Taşra Şarkıları I/IV

Ya diğerleri?”

Biz atanamayanlar çetesiyiz, tutunamayanlar gibi ama kulağa daha az hoş geleninden. Başlarda fena değildi; çocuklara, akıllı tahtalara, kantin tostlarına alışırız diyorduk, kapişonlu kaşe öğretmen paltosu bile aldık… Hiçbiri nasip olmadı. Kpss, yds, ales, bles derken sscb ile kolhoza bile gidemedik. Bi kere öğretmen olmayagör, çıkmıyor üzerinden; bir vasıf atfediyorlar ama hiç değer atfetmiyorlar!
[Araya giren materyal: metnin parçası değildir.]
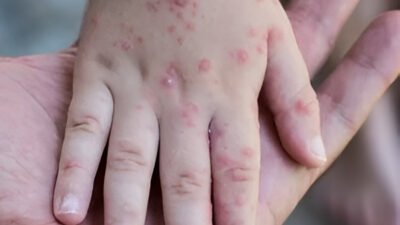 Ilustrasi - Pasien campak wajib melakukan isolasi mandiri di rumah untuk mencegah penularan. Masyarakat harus menghindari kerumunan saat mengalami gejala campak. (Dok. Ist)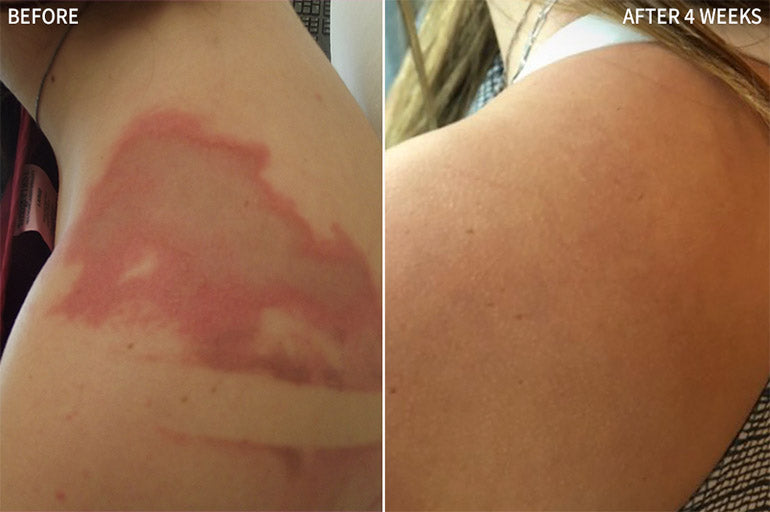 Treat Scars and Skin Discoloration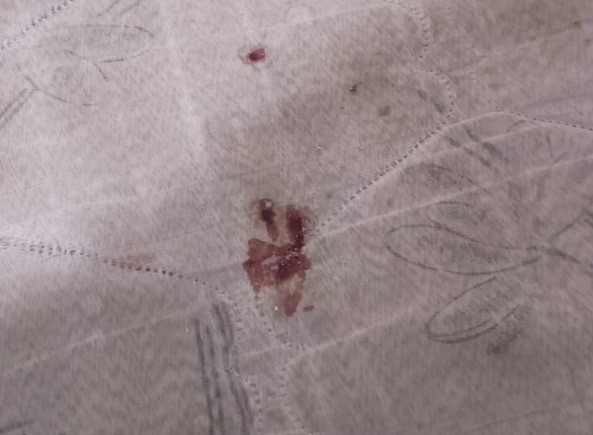 Jovem grávida é atingida por dois tiros dentro de casa em São Cristóvão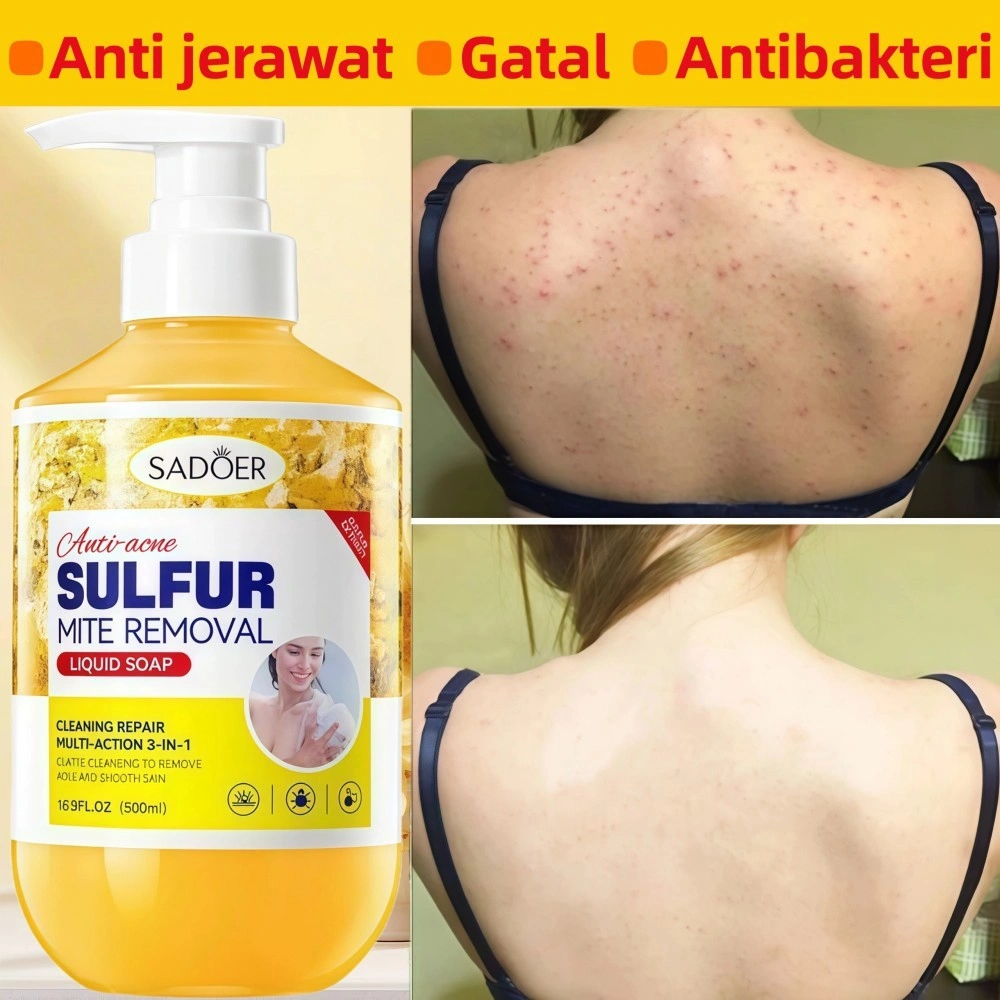 SADOER Sulfur Shower Gel 500ml menghilangkan tungau, membunuh bakteri, menghilangkan jerawat, mengatasi jerawat, dan memberikan kelembaban yang tahan lama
Reyon dizeyim, tuğla çekeyim desen, -niye sana yaptırayım diyor adam, haklı yani… Çocukların okulda olması mesele değilmiş, mesele çocukların evde olmamasıymış. Biz de ağacın kovuğunda türemedik; okula gidemiyoduk, evde de duramıyoduk, buraya geldik.”

Sizin yılda 4ay tatiliniz var, bırakın bu kendini acındırmaları” diye çıkştı biri.
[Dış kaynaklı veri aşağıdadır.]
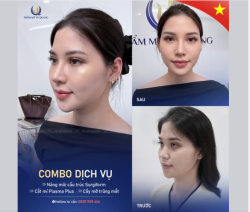 Nhan sắc thăng hạng – Xinh sang mọi góc nhìn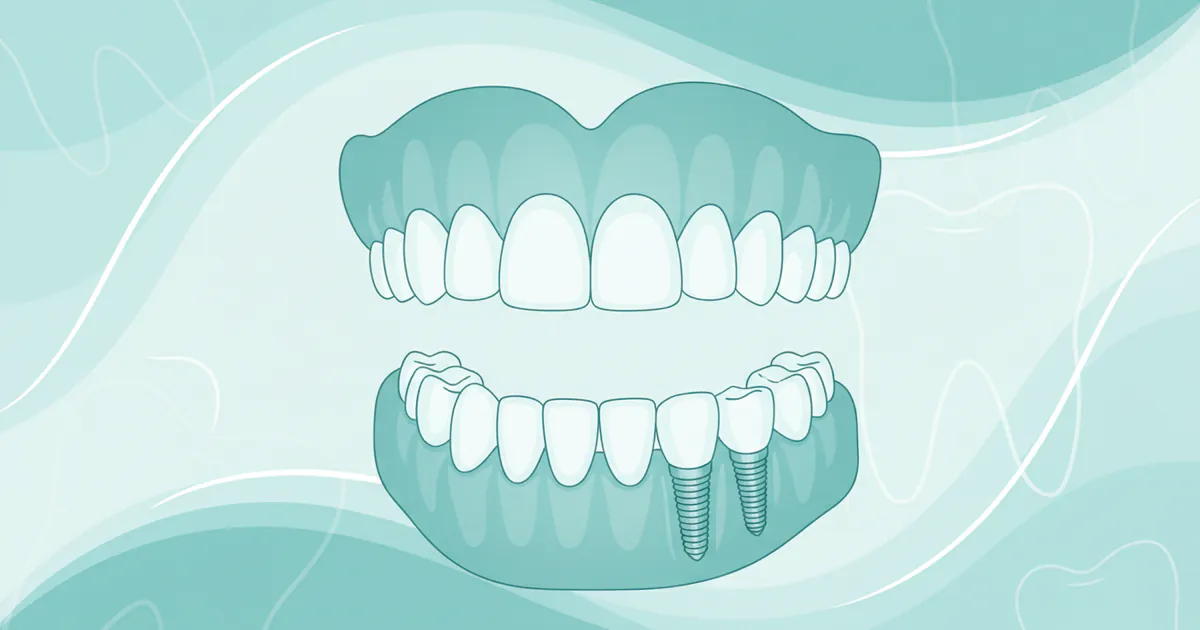 Memphis Dentures and Implants: Complete Guide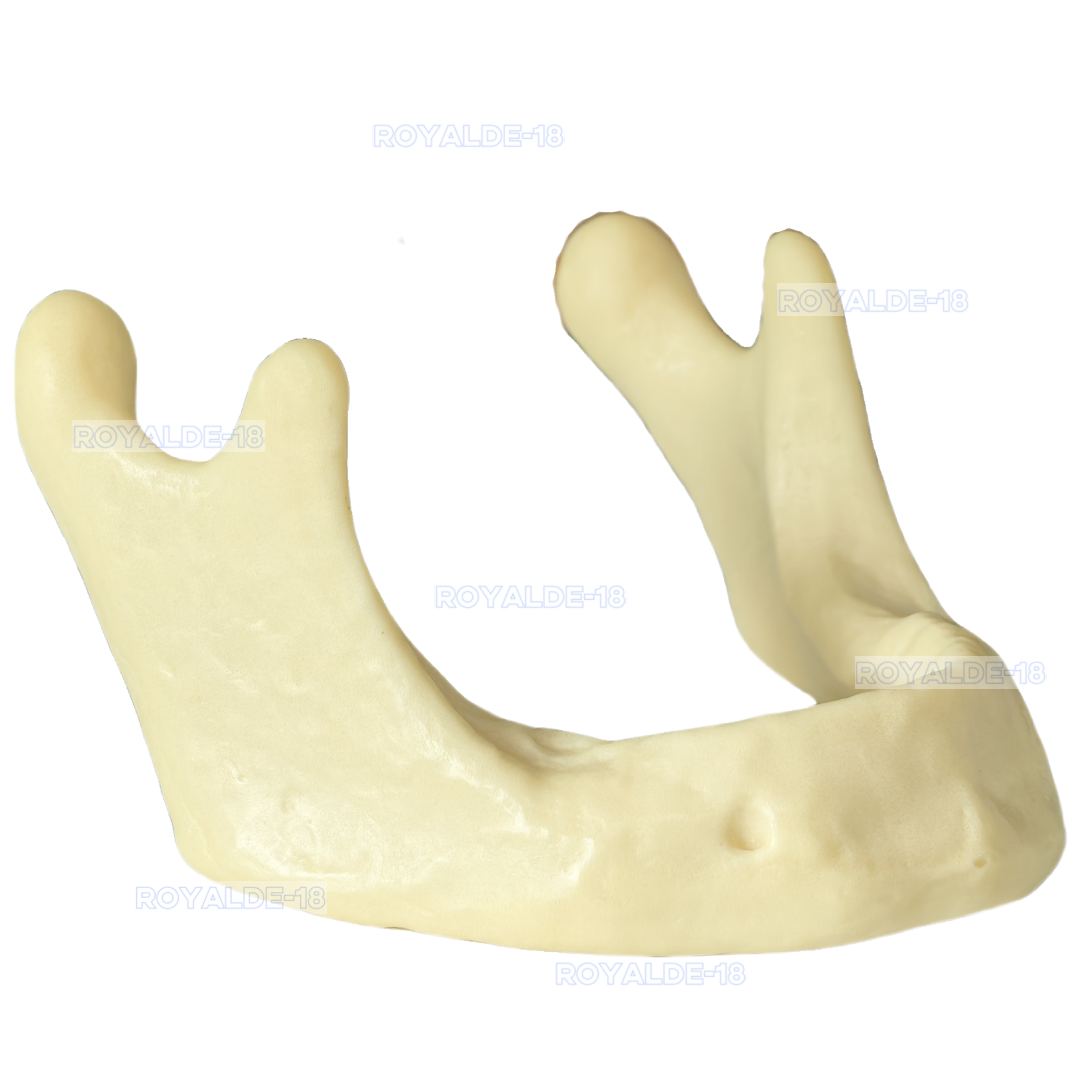 Implante Dental SLT Media Luna Hueso Taladro Mandíbula Modelo Para Extraer Hueso en Escamas - Imagen 19 de 19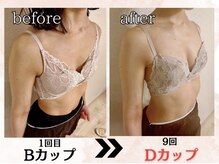 プリマ(prima)/バストアップ症例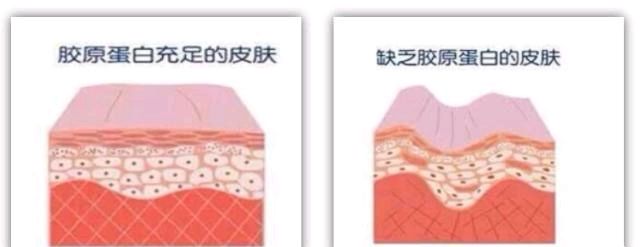  『你知道胶原』胶原蛋白真的那么重要吗？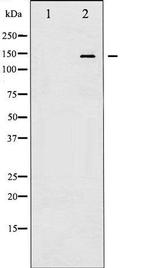 Phospho-Calcium Sensing Receptor (Thr888) Antibody in Western Blot (WB)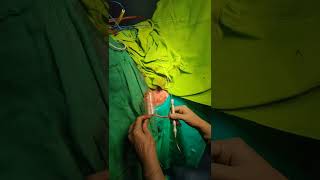 Advanced LASER Haemorrhoids Piles Treatment by Dr Hina Khan [upl. by Akinnej]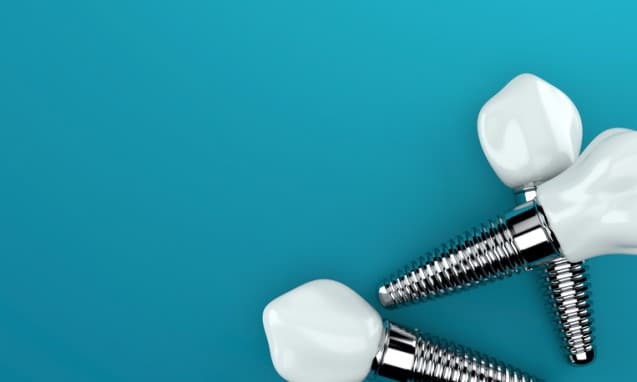 How Dental Implants Can Save Your Jaw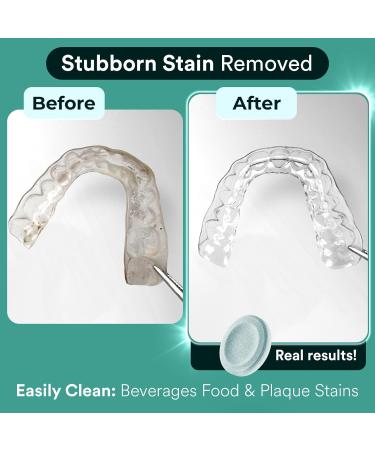 Buy Persulfate Free Retainer Cleaner Tablets - 60 Mint Scented Tablets for Invisalign Dentures & Night Guards - Effective Odor & Stain Removal - 2 Months Supply - Buy Online on GoSupps.com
Bizim yılda 12ay tatilimiz var, geçeceksin o lafları.” diye cevapladı bir atanamayan.

Siz kimsiniz?” dedi. Werther de, daha şarkî bir şeyler bulmanın keyfiyle iyice dikkat kesildi.

Biz, imanı gevremiş tulumbacılar bölüğüyüz.” diye başladı. “Bunlara bakma Sen; bunların var ya, hangisinin tekeri tümseği aşsa bi daha dönüp arkasına bakmaz bunlar! Biz atanmadık mı? Atandık, ben kendim 96yla atandım. İş de vardı ama nası iş?! Sabaha kadar bilimum bayrak, flama, afiş, poster, ledden mahya, bilmem ne asmaktan bizim imanımız gevredi. Asmadığımız şey kalmadı; çamaşır ve adam dahil. Boma adam asdık biz durup dururken. Vazifemizmiş! Memlekette önemsiz gün yok ki, alayı önemli gün, yıl aşırı da artıyo. Çevikçiyle bizim angaryamız bitmez. Ama, 1- onların lokallerinde bilardo var.”
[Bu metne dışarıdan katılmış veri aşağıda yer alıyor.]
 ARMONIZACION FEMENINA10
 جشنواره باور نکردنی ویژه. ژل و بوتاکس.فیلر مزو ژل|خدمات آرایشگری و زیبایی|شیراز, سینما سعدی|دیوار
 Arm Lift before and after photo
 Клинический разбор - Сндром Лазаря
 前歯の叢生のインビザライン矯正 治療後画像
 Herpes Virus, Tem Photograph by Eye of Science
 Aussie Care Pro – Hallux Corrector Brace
Taşra Şarkıları I/I-II-III

Not: Bu üç parçanın yayımı bir şekilde inkıta’a uğramış, toplu olarak şöyledir:

Taşra Şarkıları I/I

Kartal olabilirler, gerçi mesafe çok uzak, çıplak gözle tam seçilemiyor… Daha ufak türdeki alıcı kuşlardan da olabilirler, iki tanesi yan yana olmaktan pek rahatsız değil ya da bu mesafeden yan yana imiş gibi görünüyorlar ama kim bilir aralarında nice mesafe var. Diğer ikisi ayrı ayrı yaylar çizerek süzülüyor ve derin geçen kışın sonuna doğru yerde duran iri beyaz çöp poşetini mükellef bir av zannediyor veya karınca yuvası başında, merakı mucibince hareketsiz duran ufaklığı gözlerine kestiriyor olabilirler. Göz de göz ha… O yuvadan bir karınca çıksa ve o çöp poşetine doğru yürümeye başlasa bizim hesabımızla belki altı ay bir güz geçer. Taradıkları alan oldukça geniş, bu hem iyi hem de kötü bir şey. İyi zira kış çok derin geçti; tilkileri vaşaklar yemiş, vaşakları ,zevkine, avcılar vurmuş, birinci avcının zağarına ikincinin kırması hallenmiş, üçüncüsü ‘ha itine ha sana oğlum’ deyince birincinin dipçiği soluğu müsaderede almış. Böyle zorlu şartlarda herkesin biraz proteine ihtiyacı var; elbette alıcı kuşların da. ‘Alıcı kuşların ömrü az olur, akbaba zararsız yaşar mı yaşar’ derler lakin sen bakma, akbabanın da proteine ihtiyacı var, süt tozuna da… Kötü bir şey zira; şu ufaklığın zayi ettiği bir kaç karıncadan maada kime ne zararı var, yalnızca tabii merakını tatmin ediyor. Böyle uzun seyirler çocuklar için çok iyidir, çamaşır makinesini seyrediyorsa iyi değildir ama, televizyon seyrediyorsa bazen iyi bazen kötüdür, düzeltmeye uğraşırken şöyle en azından etrafının rahat bir saatciği geçsin diye yeleğinin yeni tersine çevrilerek kendisine verilmiş alzaymırlı bir ihtiyarın kırılgan azminin tam aksine küçüklerde dikkat temrinleri körpe dimağlarını bileyip azimlerini kuvvetlendirir, bir kaç yaş daha büyüyünce yuvanın ağzını kapayacak, birkaç yaş daha da büyüsün yuvayı umursamayacak bile, otuzuna gelince birden hatırlayacak, merakı tekrar tahrik olacak bu kez içine sıvılaştırılmış alüminyum dökecek belki. Ama şimdilik kimseye bir zararı yok, birkaç karınca ufak spor ayakkabılarının tabanına yapıştı o kadar.